Uplug - Quickstart
------------------


1) Install Uplug (see INSTALL)


2) Create a project directory (e.g. mkdir myproject)
   Temporary files will be created in this directory!


3) Go to your project directory and run some tests

     cd myproject

   Let's assume that uplug is installed in /cvs/
   Copy example files to your project directory:

     cp /cvs/uplug/example/1988sv.txt .
     cp /cvs/uplug/example/1988en.txt .
   

4a) Basic pre-processing (text --> xml)
   (a text in Swedish and English, encoded in ISO-8859-1 (latin1))

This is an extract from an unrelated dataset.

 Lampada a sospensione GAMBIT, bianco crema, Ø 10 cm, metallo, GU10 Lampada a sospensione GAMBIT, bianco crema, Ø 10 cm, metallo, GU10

   /cvs/uplug pre/basic -ci 'iso-8859-1' -in 1988sv.txt > 1988sv.xml
   /cvs/uplug pre/basic -ci 'iso-8859-1' -in 1988en.txt > 1988en.xml

   Look at 1988sv.xml and 1988en.xml! Both files are (hopefully
   tokenised and marked with basic XML-tags)


4b) Sentence alignment

   source language file: 1988sv.xml
   target language file: 1988en.xml

   /cvs/uplug align/sent -src 1988sv.xml -trg 1988en.xml > 1988sven.xml

   Sentence alignment pointers are stored in 1988sven.xml.
   You can read the aligned bitext segments using the following command:

   /cvs/tools/uplug-readalign 1988sven.xml | less

   Since version 0.2.0 there are additional sentence aligners integrated in
   Uplug (hunalign, GMA). Look at the HOWTO file for details!


5a) Word alignment (default)

   /cvs/uplug align/word/default -in 1988sven.xml -out 1988sven.links

   This will take some time! Word alignment is slow even for this
   little bitext. The word aligner will 
     * create basic clues (Dice and LCSR)
     * run GIZA++ with standard settings (trained on plain text)
     * learn clues from GIZA's Viterbi alignments
     * "radical stemming" (take only the 3 inital characters of each token)
       and run GIZA++ again
     * align words with existing clues
     * learn clues from previous alignment
     * align words again with all existing clues

   Word alignment results are stored in 1988sven.links.
   You may look at word type links using the following script:

   /cvs/tools/xces2dic < 1988sven.links | less


5b) Word alignment (tagged)

   Use the following command for aligning tagged corpora (at least POS tags):

   cp /cvs/uplug/example/svenprf* .
   /cvs/uplug align/word/tagged -in svenprf.xces -out svenprf.links

   This is essentially the same as the default word alignment with additional
   clues for POS and chunk labels.


5c) Word alignment in Moses output format (using default)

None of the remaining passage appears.